The historic pig's head on Model Worker is the work of another colorful Index local with the initials MM. I have photos.

Posted

Hey Hemlock, I knew you'd make it. Nice place here. Didn't you just love the Neutered Prince quiz question? "Who did the first ascent of blah blah blah?" Answer: "I did." Does somebody need a pat on the back?

Posted

quote:

Originally posted by pope:

Hey Hemlock, I knew you'd make it. Nice place here. Didn't you just love the Neutered Prince quiz question? "Who did the first ascent of blah blah blah?" Answer: "I did." Does somebody need a pat on the back?

No pat needed, thanks (though I do think you are being overly sensitive about the whole thing). I asked the question to see if anybody else was claiming the first ascent. I find it interesting that I sent a letter to Smoot about it with the same name change only days after I climbed it.

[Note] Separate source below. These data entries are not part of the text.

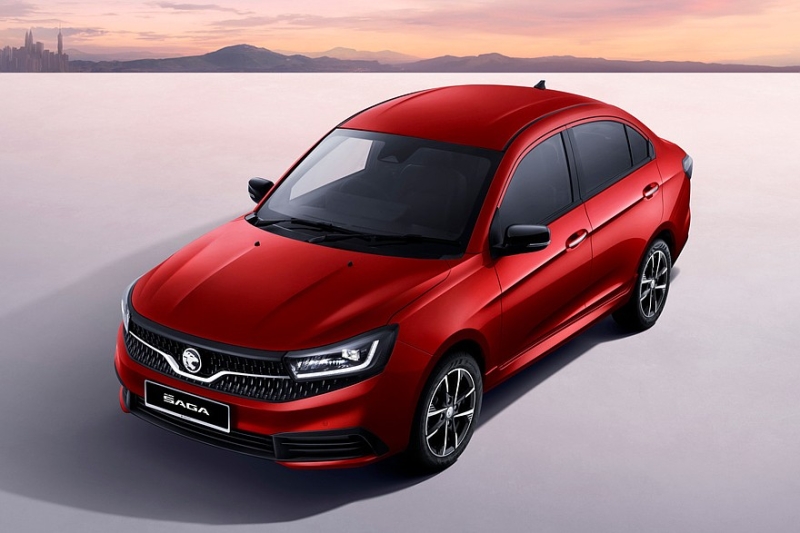 Новый седан Proton Saga: теперь без механики, а в базе – сенсорный пульт вместо мультимедиа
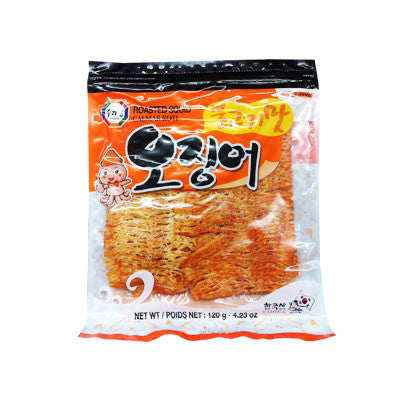 [Surasang] Dried Squid Bulgogi Flavor / 수라상 불고기맛 오징어 (120g)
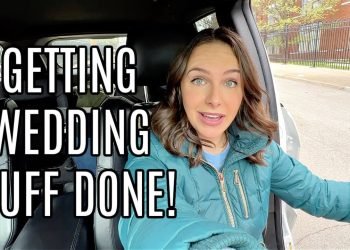 VLOG: wedding planning updates, dress fitting, tornado watch, getting my nails done + MORE!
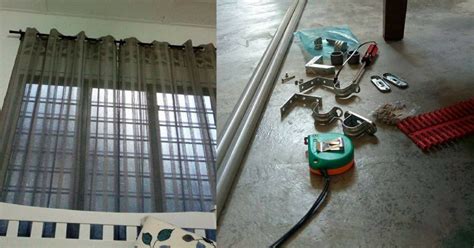 Cara pasang rod langsir mr diy. DIY Sendiri Rod Langsir Eyelet Dari Batang Paip PVC - IMPIANA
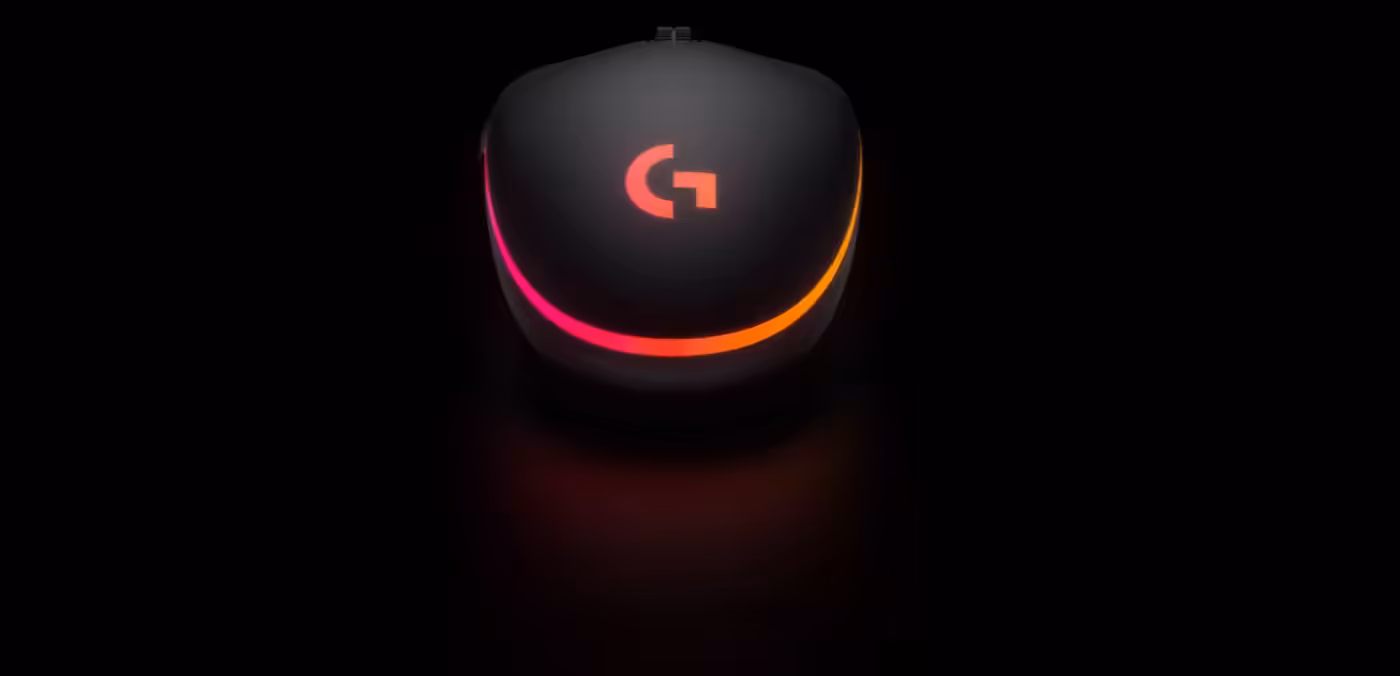 Logitech G102 Lightsync RGB Gaming Mouse - Color Wave Display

If Massey says he got it first, that's fine with me. I would still like to hear how he did it without disturbing any of the dirt on the holds.

 

Posted

And Mer is almost right. Almost because it was named after the dead boys not PJ. But wasnt the questionabout the block in reference to a route on the Great Northern Slab not Princely Ambitions?

Posted

Peter Puget: There were questions about both Princely Ambitions, and the Great Northern Slab blocks. The latter has not been answered yet.

Hemlock: There were several pig riggers, and it would be wrong to credit only one.